==== DATA SECTION
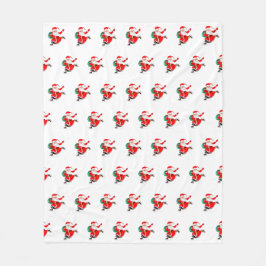 Jultomten jultomten Blanket Fleecefilt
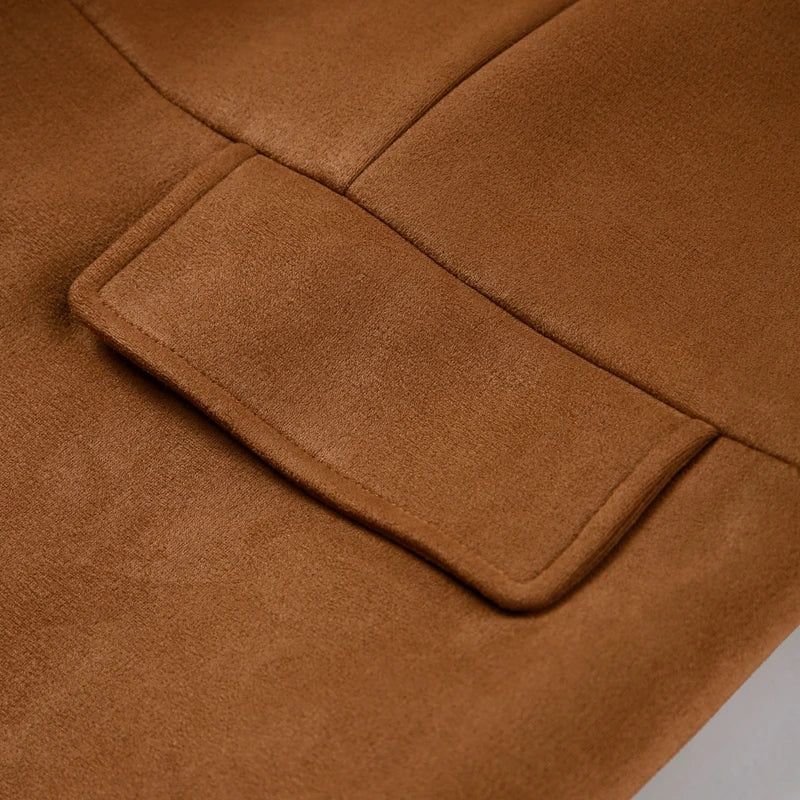 ג'קט זמש בעיטור כפתורים - ג'ייל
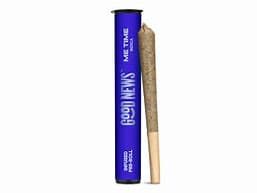 Good News ME TIME Infused Pre-Roll - Berry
========
TO DO:
Output the full material above exactly, leaving every picture out.

EXERCISE RESPONSE:
 Jultomten jultomten Blanket Fleecefilt
 ג'קט זמש בעיטור כפתורים - ג'ייל
 Good News ME TIME Infused Pre-Roll - Berry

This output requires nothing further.